EXERCISE INPUT ->
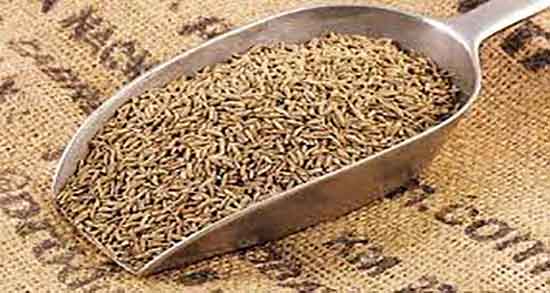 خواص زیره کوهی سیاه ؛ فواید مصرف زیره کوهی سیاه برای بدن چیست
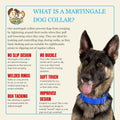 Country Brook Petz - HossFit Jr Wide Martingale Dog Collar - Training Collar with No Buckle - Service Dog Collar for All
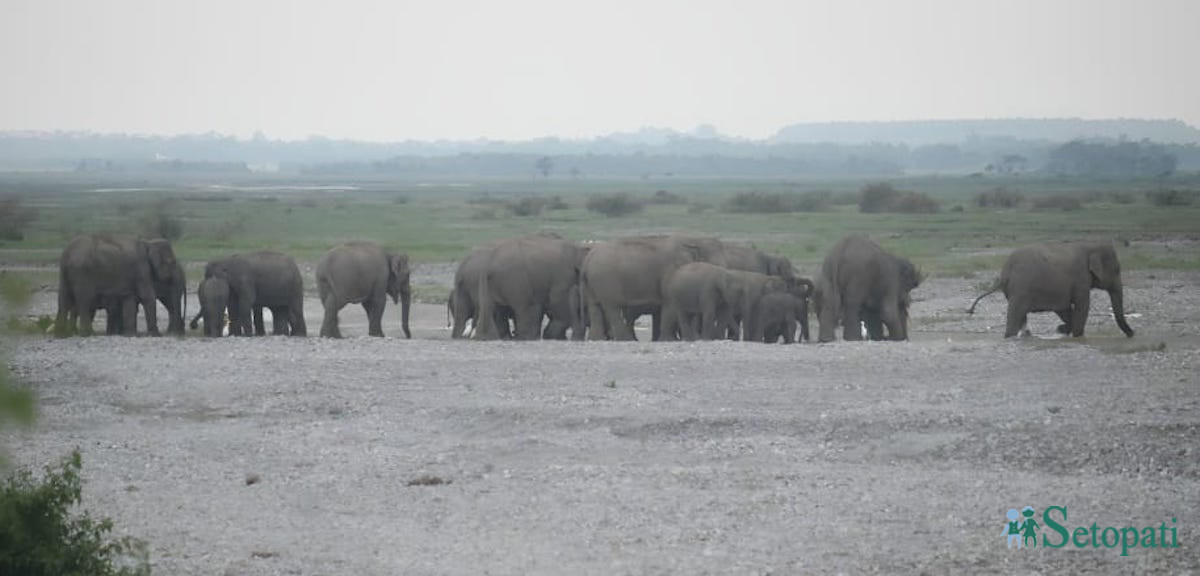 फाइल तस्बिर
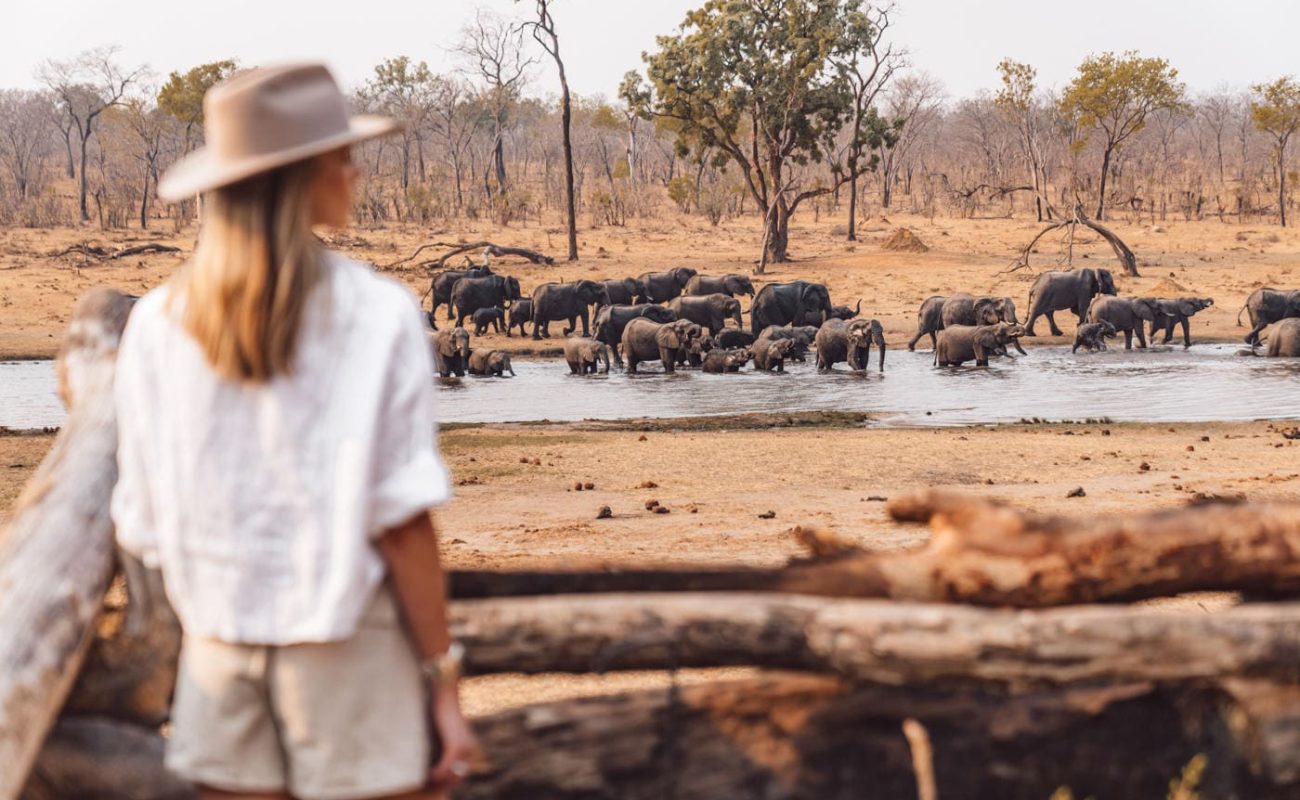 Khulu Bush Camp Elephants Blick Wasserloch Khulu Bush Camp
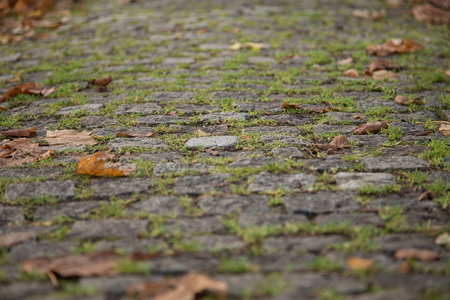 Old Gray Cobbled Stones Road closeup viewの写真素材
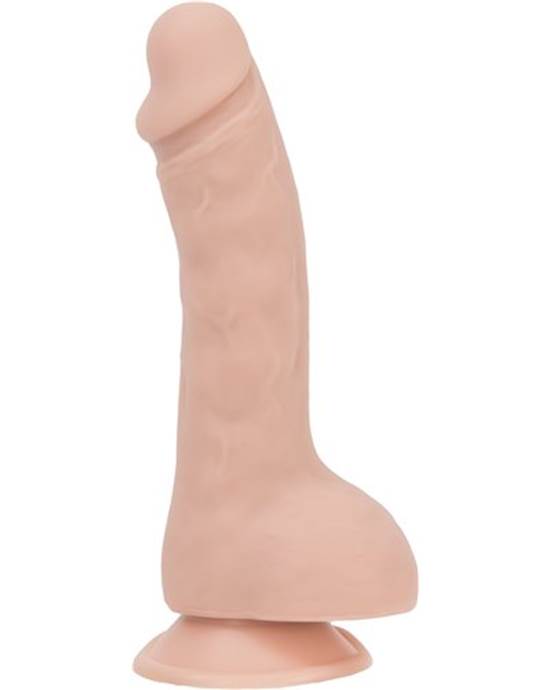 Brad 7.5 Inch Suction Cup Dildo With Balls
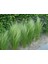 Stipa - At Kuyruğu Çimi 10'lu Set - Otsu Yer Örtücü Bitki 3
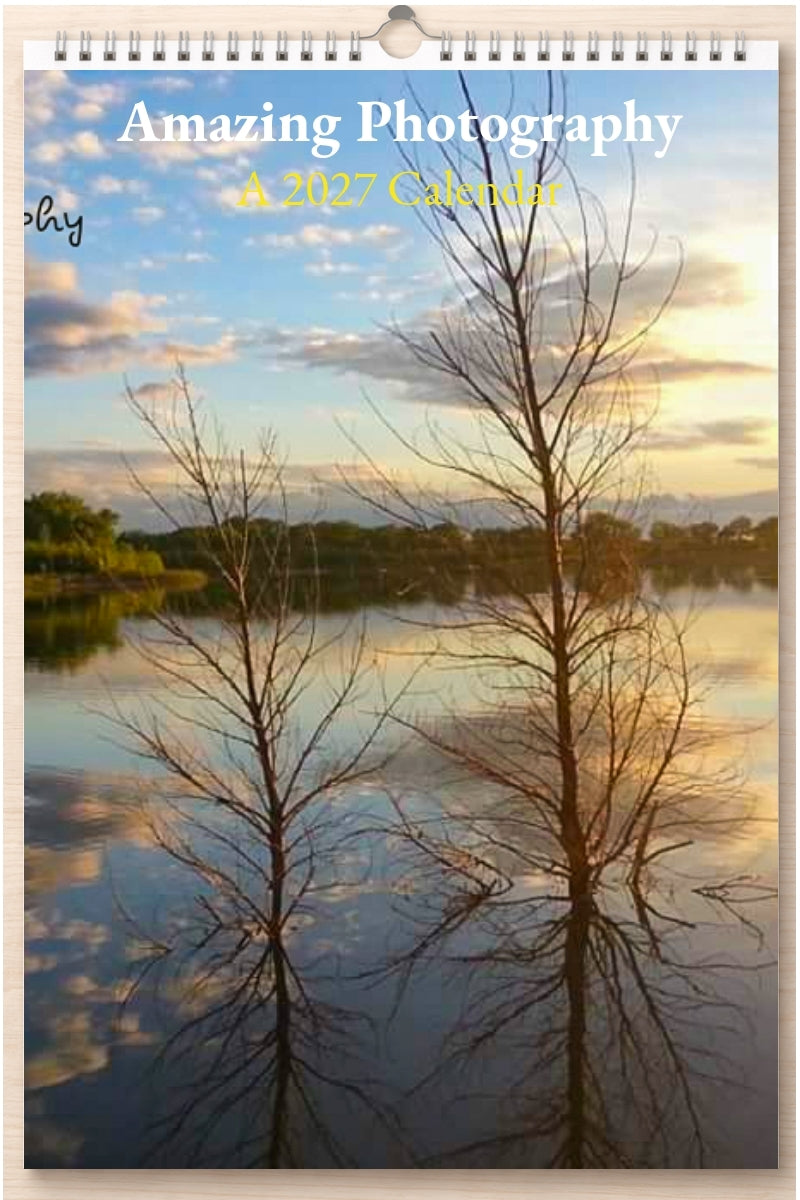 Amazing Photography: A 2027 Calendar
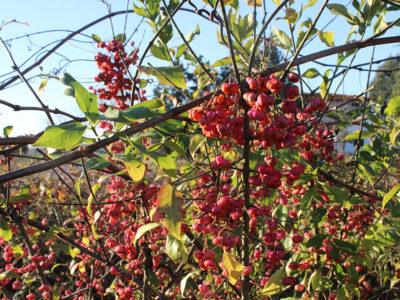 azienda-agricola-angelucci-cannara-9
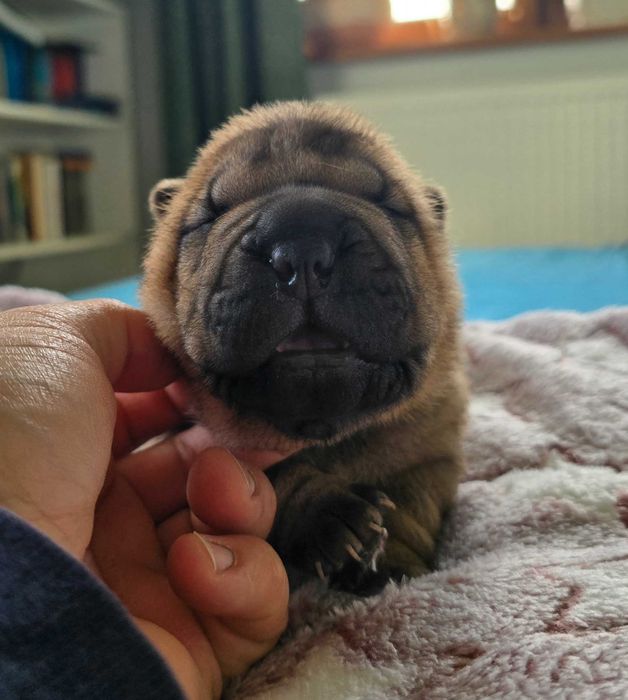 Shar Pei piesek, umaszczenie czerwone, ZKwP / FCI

ACTIVITY -> Leaving the pictures out, set down exactly the lines from the one with "azienda-agricola-angelucci-cannara-9" through the end of the records.

TASK RESULT ->
 azienda-agricola-angelucci-cannara-9
 Shar Pei piesek, umaszczenie czerwone, ZKwP / FCI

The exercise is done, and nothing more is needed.